### Exercise aim
Please restate word for word the lines from the top of the entries through the line that contains "Skrive- & Tegneverktøy", and do not include any pictures.

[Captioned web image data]
____

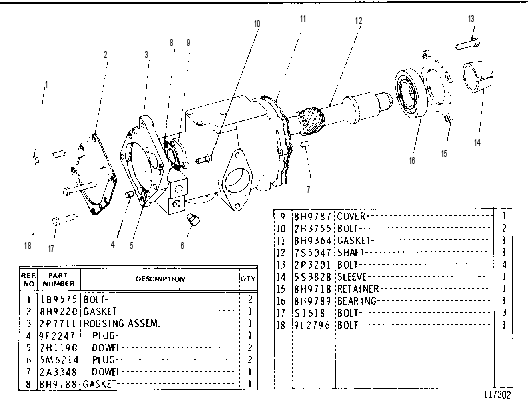 ACCESSORY DRIVE 2P7712 CAT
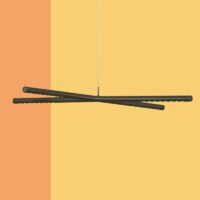 Tecnolumen LUM X LED-Pendelleuchte in rauchchrom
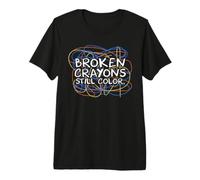 Crayon Cray Colors Child Art - Broken Crayons Still Color Premium T-Shirt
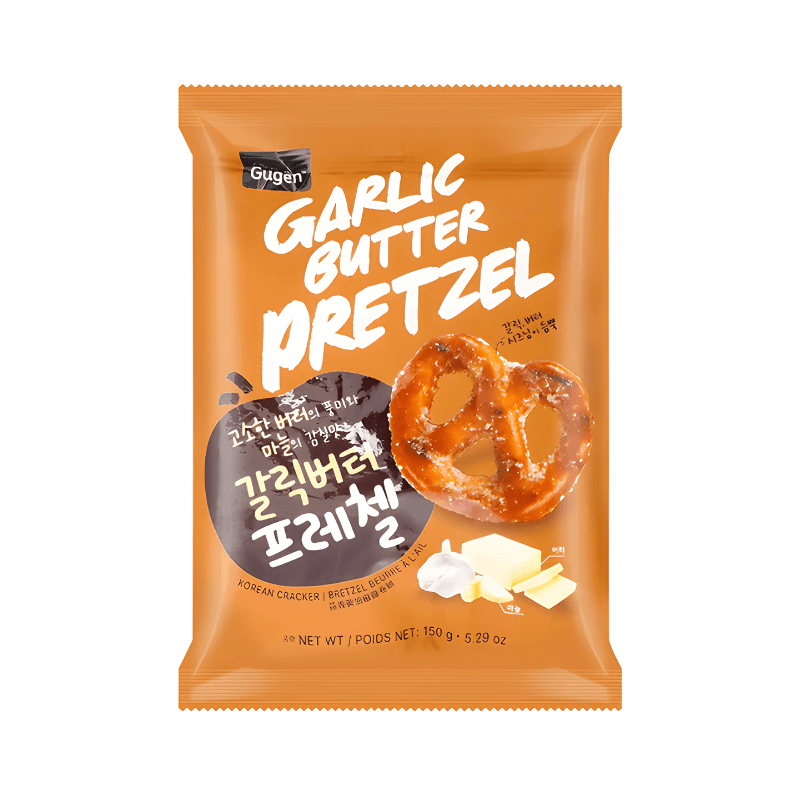 Gugen Butter Garlic Pretzel 150g - A&E Foodstore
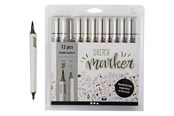 Skrive- & Tegneverktøy - Creativ Company Sketch Marker - Douche Colors 12 pcs. (37379) - 37379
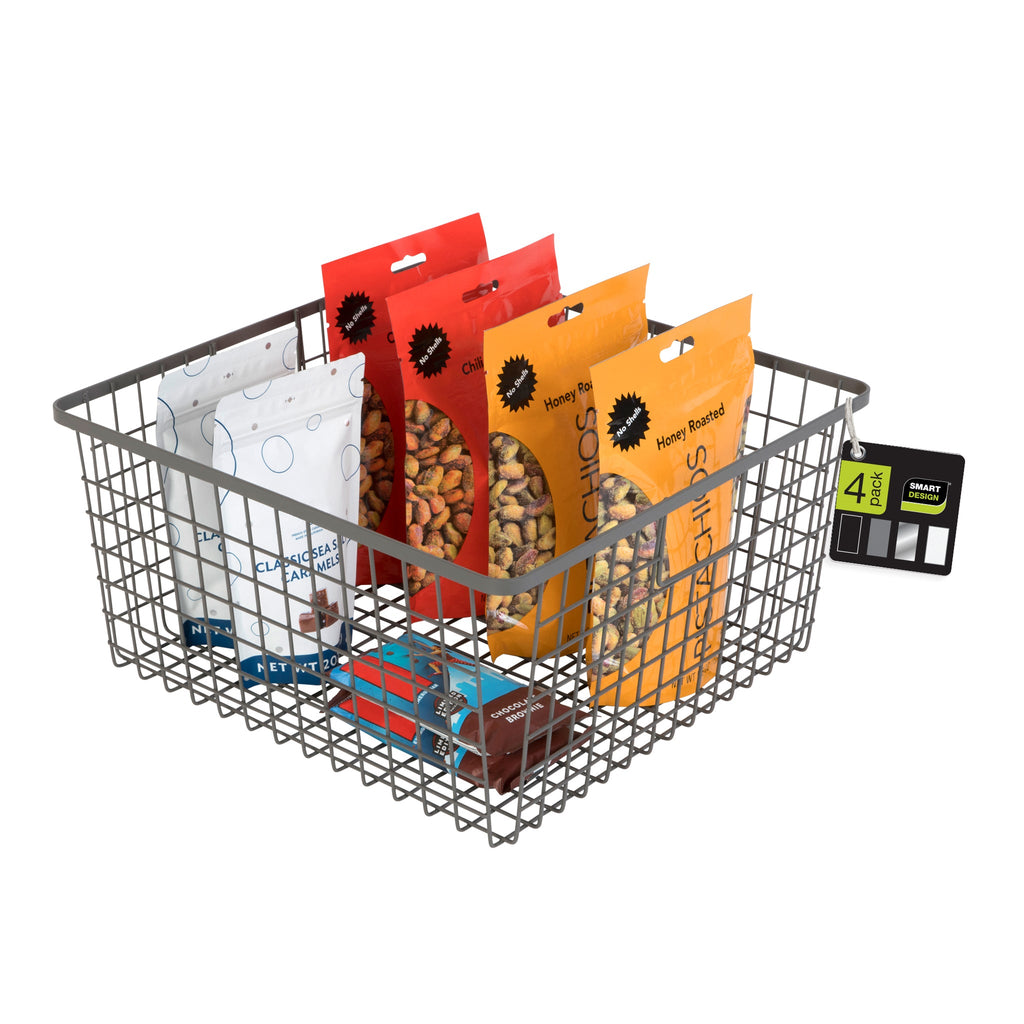 Smart Design Kitchen Nesting Baskets - 12 x 12 - Set of 4 - Smart Design® 8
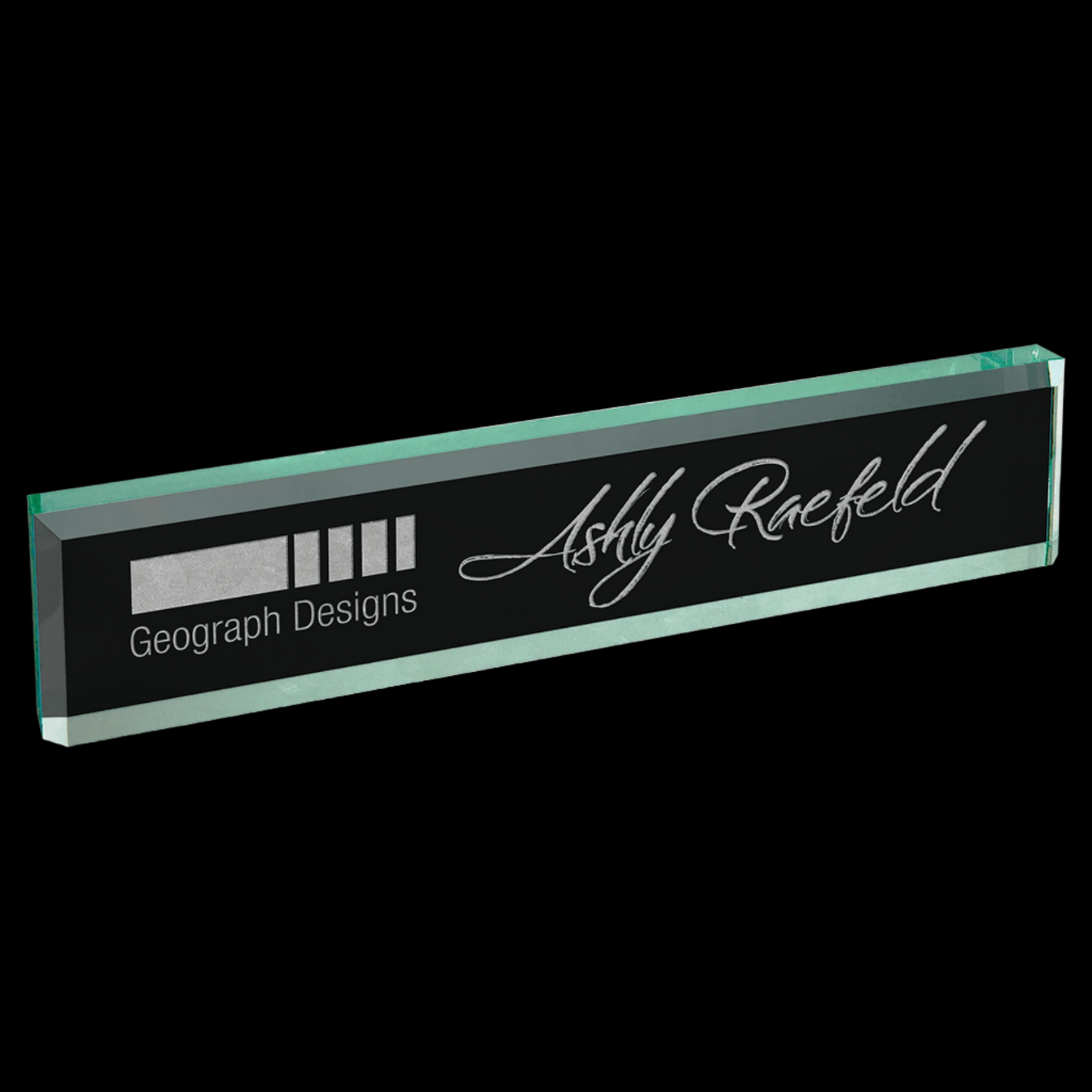 Jade Glass Desk Wedge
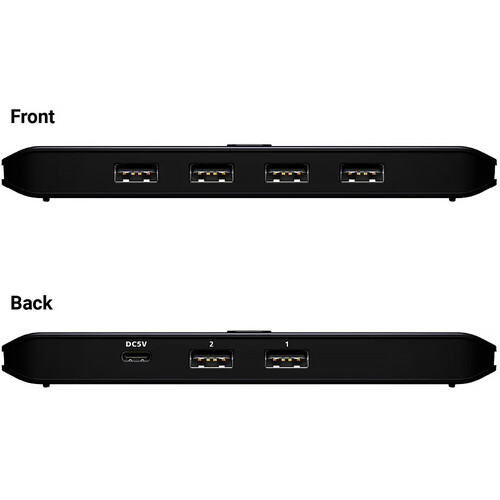 ATEN Essentials 2 x 4 USB 2.0 Sharing Switch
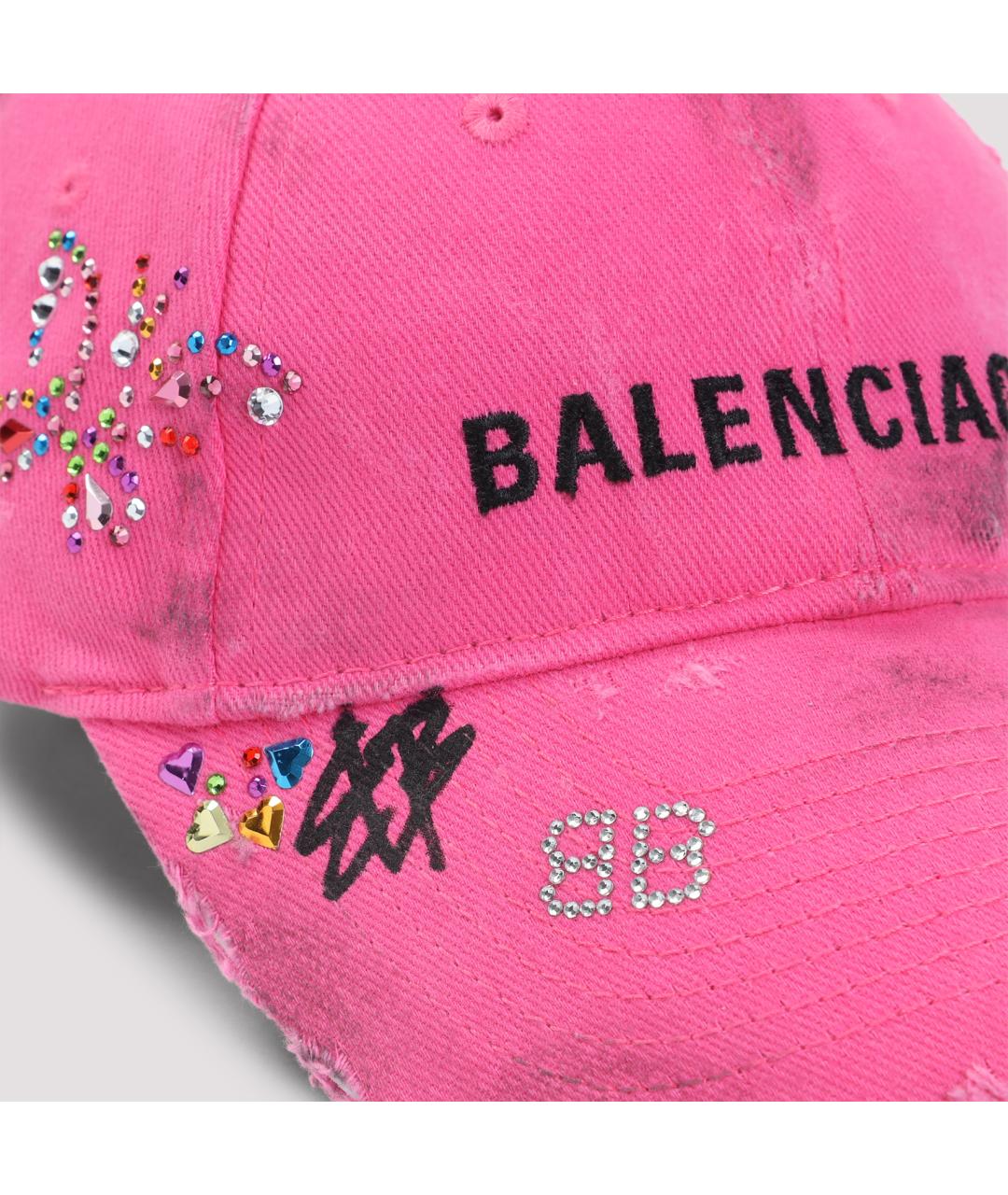 BALENCIAGA Розовая хлопковая кепка, фото 3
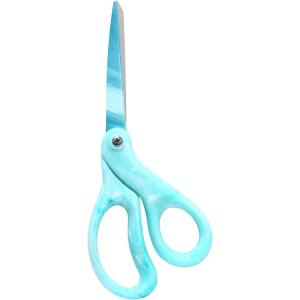 imageLIVINGO Scissors All Purpose  8quot Sharp Heavy Duty Shears for Office Crafting DIY Cutting Paper Fabric Stainless Steel Comfort Grip Gradient BlueGreen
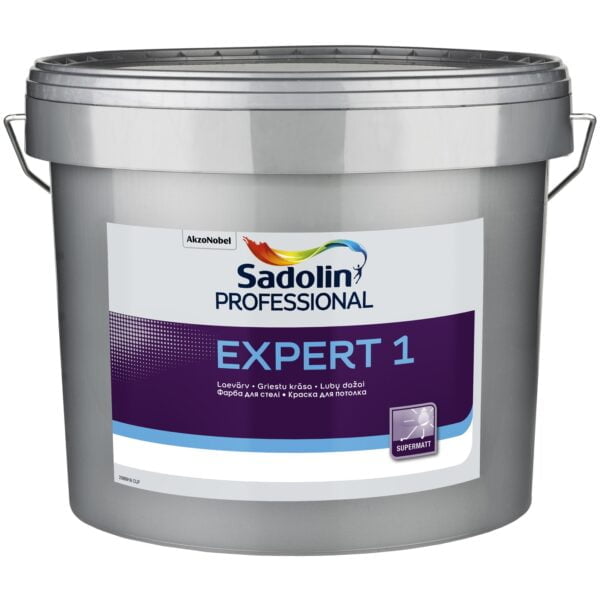 SADOLIN PROFESSIONAL EXPERT 1 visiškai matiniai lubų dažai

____

### Solution
 ACCESSORY DRIVE 2P7712 CAT
 Tecnolumen LUM X LED-Pendelleuchte in rauchchrom
 Crayon Cray Colors Child Art - Broken Crayons Still Color Premium T-Shirt
 Gugen Butter Garlic Pretzel 150g - A&E Foodstore
 Skrive- & Tegneverktøy - Creativ Company Sketch Marker - Douche Colors 12 pcs. (37379) - 37379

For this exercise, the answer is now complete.